Not unlike GradefulMom, I moved to Paris as a 22 year-old financial analyst and also found the language and cultural barriers very challenging.  Here are some additional thoughts for you:  

1) Make sure your daughter understands that the situation she is in is very very difficult, and it would be an incredible challenge for anyone.  In other words, she should try not feel any personal weakness or lack of confidence from the struggle.

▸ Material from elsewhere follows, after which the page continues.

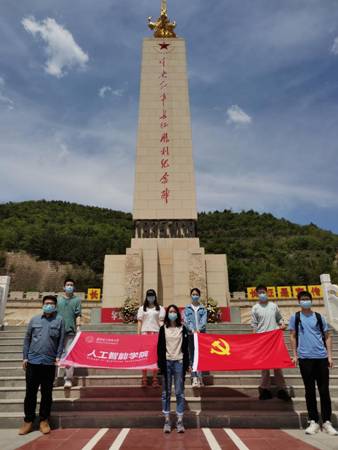 永利23411集团党支部在吴起中央红军长征胜利纪念碑前合影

Big challenge means tremendous learning and growth.  Along those lines, I heard David Halberg's autobiography discusses how hard his year training in Paris was - maybe that's worth checking out?  

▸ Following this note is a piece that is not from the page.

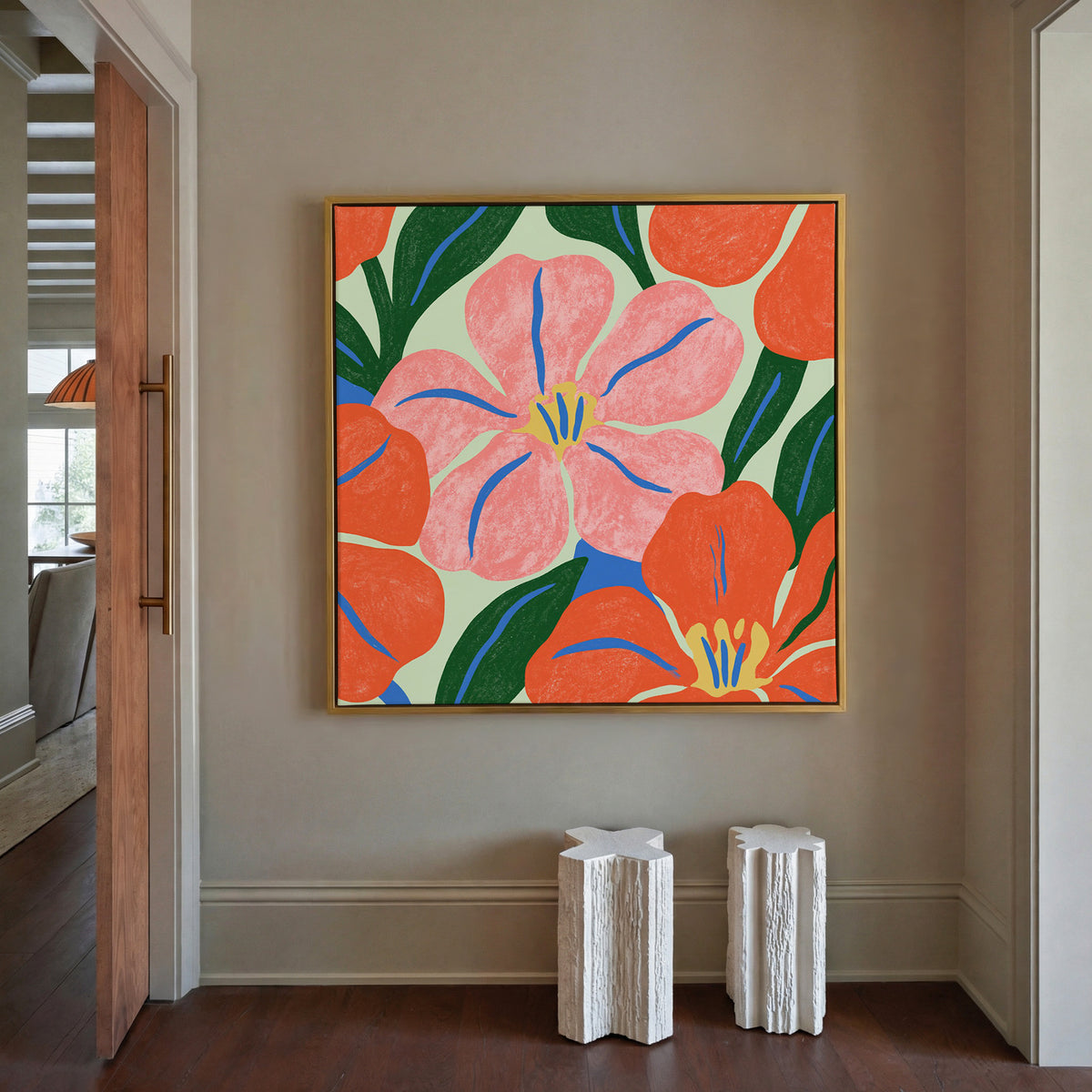 pink and orange floral abstract with blue canvas wall art in a gold frame in a styled room setting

2) Consider having her focus on getting through just one academic year (v. the rest of school, life, etc.) and treating the experience as a year abroad, once in a lifetime experience.  I'd have her make a bucket list of everything she would like to see and do in Paris and France during this year.  This will give her much to look forward to and will keep her busy when there is downtime, and it will also help her feel more connected with her new home. Is she on Instagram?  That would be a fun way for her to chronicle all her sightseeing and new experiences for friends and family back home, as well as new friends she meets in Paris. 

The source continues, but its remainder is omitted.